Michelin North America, Inc. v. Maxam Tire North America, Inc. (D. Mass. 22-cv-10047).

  • January 14, 2022

Michelin accused Maxam Tire of infringing a design patent and trade dress on large tires for mining truck, as well as unfair competition.  Maxam moved to dismiss all claims.  Judge Saris granted the motion with respect to the design patent claims.  Maxam asserted that the poor quality photograph of one of the accused tires did not properly show the tread design, and that an actual look at the tire would show non-infringement.  Maxam also pointed to its having obtained a design patent covering the accused tire tread over the Michelin patent. 

Judge Saris noted that a later-issued patent is not presumptive evidence of noninfringement, which requires a factual analysis, and accordingly declined to consider the Maxam patents in her analysis.  In response to Maxam’s complaint about the poor quality of the photographs in the complaint, Judge Saris ordered the parties to produce high-quality photographs of the accused mining tires. 

Comparing these photographs to the design patent, Judge Saris determined that the design and the actual tire tread of one of the accused tires were sufficiently dissimilar to preclude a finding of infringement under the ordinary observer test.  Accordingly, she dismissed the design patent claim as against one of the accused tires.

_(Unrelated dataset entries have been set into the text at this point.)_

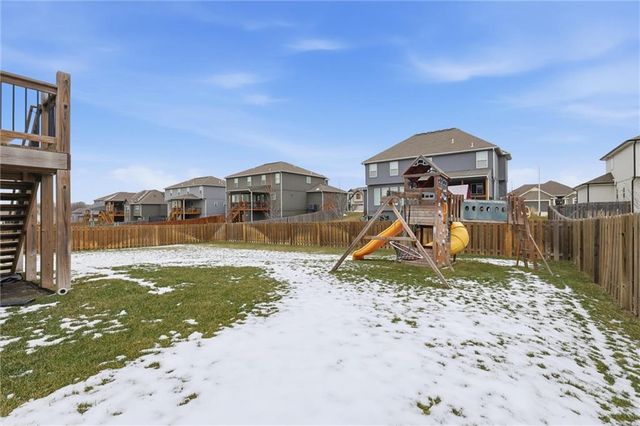 2008 NE 114th Street, Kansas City, MO 64155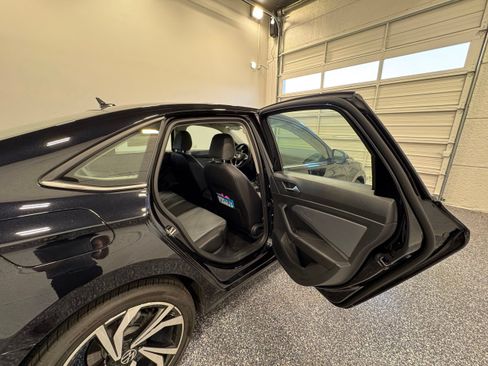 Used 2026 Volkswagen Jetta SEL FWD image 31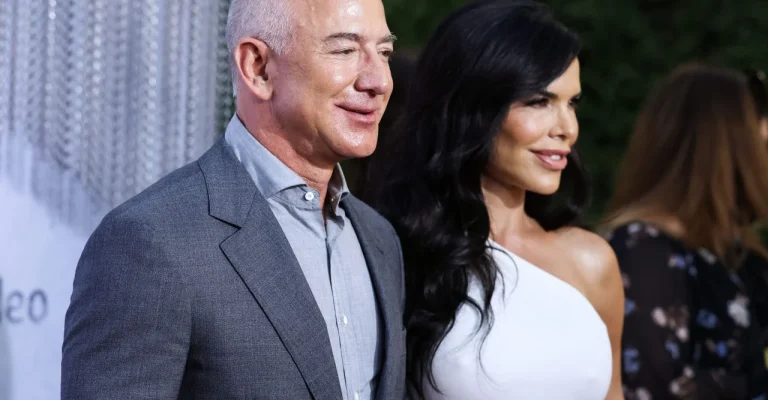 jeff-bezos-loren-sancezdepositphotos_600667306_xl.webp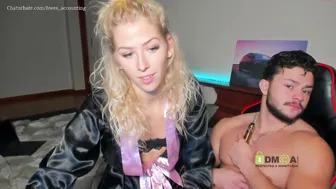 hwes_accounting cute chick masturbates juicy twat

She denied Maxam’s motion on the remaining claims.  She found that the complaint sufficiently alleged protectible and non-functional trade dress, although she noted that the non-functionality was in dispute.  She rejected Michelin’s argument that the tire tread is “packaging” not requiring a showing of secondary meaning, finding the tread to be inherent to the actual physical tire.  She found, however, that the complaint alleged enough facts to demonstrate (assuming these facts to be true) that the tread had acquired secondary meaning – specifically, length of use in the marketplace, marketing and advertising of the tread design, and copying by Maxam.  She also determined that a jury could find the designs to be substantially similar to each other, meaning infringement was possible.  She therefore allowed the trade dress claims to proceed. 

Finally, as Maxam had made no separate arguments for dismissing the 93A claim, she allowed that to move forward as well.